* _Directions_:
Output every line below as it stands, dropping only the images.

* _Provided material_:
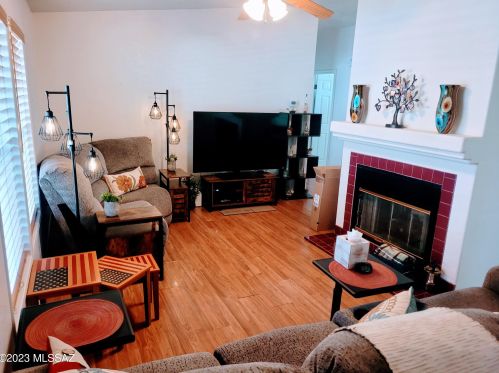 2803 Desert Hawk Pl, Tucson AZ  85713-4388 exterior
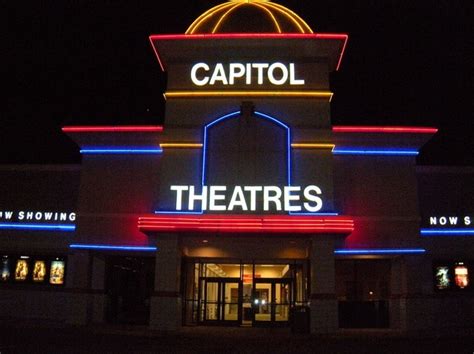 Madisonville movie theater - 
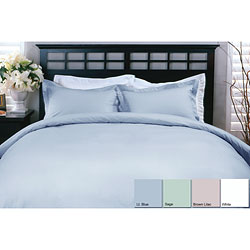 Cotton 400 Thread Count Duvet Cover Set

* _Answer to this problem_:
 2803 Desert Hawk Pl, Tucson AZ  85713-4388 exterior
 Madisonville movie theater - 
 Cotton 400 Thread Count Duvet Cover Set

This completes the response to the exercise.